No, my mistake. edited.


----------



## mprzybylski

I have this insert as well and like it with one caveat that I found out the hard way. If you use the anti kickback pawls do NOT raise and lower the blade with the pawls down (as in put them up on the blade guard and then down when you're done raising/lowering) the way the insert is designed means that if you lower the blade with them down they will eat into the insert because it's rather soft aluminum and will gouge it. I had to file the parts it gouged down. I called infinity and spoke with a rep who said this is a known issue and to not use the blade guard with the dust collection. I said that's a waste because I paid $200 for the overarm dust collector and he said to go ahead and use it with the pawls retracted which in my opinion is not the best solution for this. I like to use the pawls on long rips but I wish they would have written this in their literature somewhere as a warning so I didn't have to find out the hard way…


----------



## JerryinCreek

Glad to read the review and all the comments. Especially from Matt as I have several tools that got scratched/gouged because I wasn't forewarned about a known issue (e.g., using the long pawls). All in all, looks like a good product and I'm probably going to invest. Thanks!


----------



## rumblechicken

Thanks for posting this review, I recently starting using Dados, and was dreading the thought of having to buy multiples from SawStop. Very glad to know a product like this exists. Thanks to Matt for posting his experience as well, as I too have the overhead dust collector and prefer to use the pawls for safety. I could definitely see myself gouging the surface. I see to make every mistake possible in this new hobby…

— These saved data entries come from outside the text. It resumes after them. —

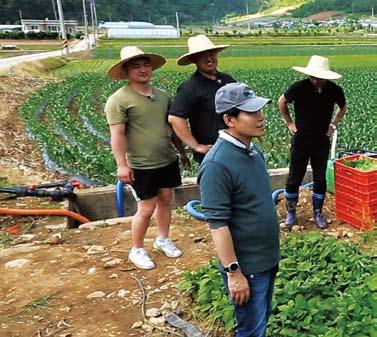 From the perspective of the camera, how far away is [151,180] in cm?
401

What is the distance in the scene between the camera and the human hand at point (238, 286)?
2361 millimetres

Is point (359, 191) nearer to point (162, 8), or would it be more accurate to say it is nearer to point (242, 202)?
point (242, 202)

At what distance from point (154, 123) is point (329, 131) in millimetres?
1664

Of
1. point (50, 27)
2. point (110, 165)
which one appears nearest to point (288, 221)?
point (110, 165)

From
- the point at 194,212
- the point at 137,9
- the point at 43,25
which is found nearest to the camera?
the point at 194,212

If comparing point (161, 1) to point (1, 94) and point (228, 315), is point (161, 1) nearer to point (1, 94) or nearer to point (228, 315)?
point (1, 94)

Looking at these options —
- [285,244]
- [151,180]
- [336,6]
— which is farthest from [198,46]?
[336,6]

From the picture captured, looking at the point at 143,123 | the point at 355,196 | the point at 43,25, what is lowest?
the point at 355,196

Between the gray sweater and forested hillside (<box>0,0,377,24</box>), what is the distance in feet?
292

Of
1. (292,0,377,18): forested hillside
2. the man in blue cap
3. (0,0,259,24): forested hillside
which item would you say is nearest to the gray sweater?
the man in blue cap

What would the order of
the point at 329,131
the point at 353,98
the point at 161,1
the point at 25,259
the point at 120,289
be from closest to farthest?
1. the point at 120,289
2. the point at 25,259
3. the point at 329,131
4. the point at 353,98
5. the point at 161,1

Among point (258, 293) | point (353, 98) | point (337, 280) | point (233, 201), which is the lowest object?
point (353, 98)

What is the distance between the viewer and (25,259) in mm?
4383

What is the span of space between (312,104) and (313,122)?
15cm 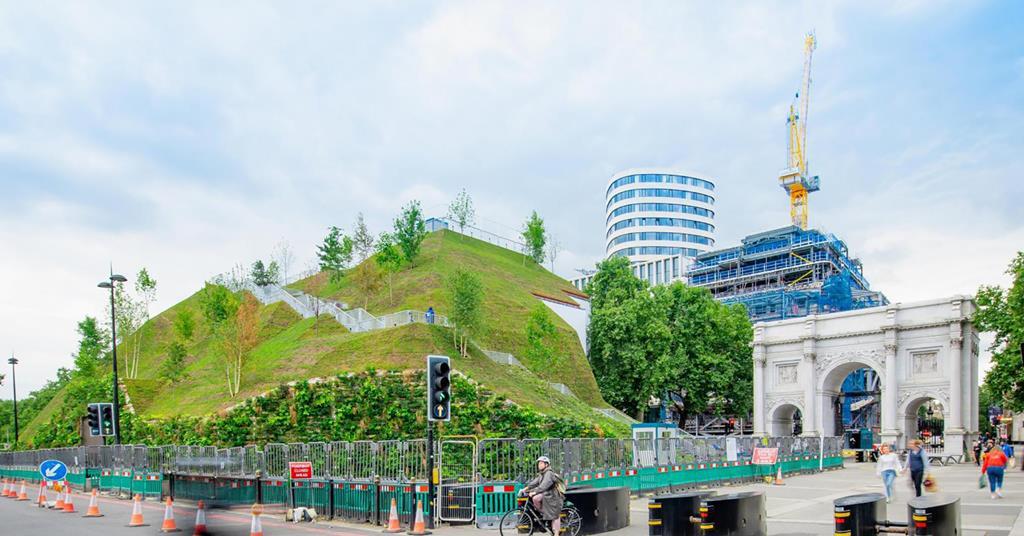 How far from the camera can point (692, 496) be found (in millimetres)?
15031

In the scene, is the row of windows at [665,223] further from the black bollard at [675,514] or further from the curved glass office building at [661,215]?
the black bollard at [675,514]

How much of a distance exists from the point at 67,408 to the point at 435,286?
30719 millimetres

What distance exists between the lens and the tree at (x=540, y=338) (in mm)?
54156

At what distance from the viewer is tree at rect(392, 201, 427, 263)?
7600 cm

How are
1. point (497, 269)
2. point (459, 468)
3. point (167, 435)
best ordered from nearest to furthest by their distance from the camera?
point (459, 468) < point (167, 435) < point (497, 269)

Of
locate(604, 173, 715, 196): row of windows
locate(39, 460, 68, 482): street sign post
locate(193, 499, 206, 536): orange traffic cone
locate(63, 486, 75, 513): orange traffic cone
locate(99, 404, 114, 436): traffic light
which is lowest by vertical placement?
locate(63, 486, 75, 513): orange traffic cone

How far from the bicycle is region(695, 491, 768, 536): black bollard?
2404mm

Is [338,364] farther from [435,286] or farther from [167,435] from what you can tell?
[435,286]

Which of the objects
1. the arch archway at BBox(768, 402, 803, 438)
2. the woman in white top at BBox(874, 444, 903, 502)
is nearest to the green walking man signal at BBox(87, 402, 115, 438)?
the woman in white top at BBox(874, 444, 903, 502)

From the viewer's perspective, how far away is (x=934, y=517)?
11.8m

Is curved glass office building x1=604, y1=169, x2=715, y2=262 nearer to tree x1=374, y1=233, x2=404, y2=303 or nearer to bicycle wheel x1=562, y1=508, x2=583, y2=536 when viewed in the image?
tree x1=374, y1=233, x2=404, y2=303

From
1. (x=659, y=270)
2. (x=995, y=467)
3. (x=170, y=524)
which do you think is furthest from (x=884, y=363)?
(x=659, y=270)

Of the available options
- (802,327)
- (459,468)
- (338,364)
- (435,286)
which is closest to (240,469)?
(459,468)

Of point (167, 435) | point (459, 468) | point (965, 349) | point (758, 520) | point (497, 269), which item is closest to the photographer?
point (758, 520)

Going in eyes wide open I can at least make an informed purchase and learn from the community experience.


----------



## JerryinCreek

Rumblechicken-
I did purchase this zero clearance plate and it is finely machined and works well. Just be aware that (as brtech said) the screws that are to hold the insert in place are very short. You need to be cautious when installing them as it is easy to strip the insert. Or, do as he does and use tape. FYI, I have the SawStop dado plate and use it 95% of the time. While I do use the aftermarket plate for certain dado cuts, I mostly use it for narrower cuts. Good luck1


----------



## Hermit

I just bought this also for my Laguna Fusion table saw which it also fits. Very well made and changing the inserts are a breeze.


----------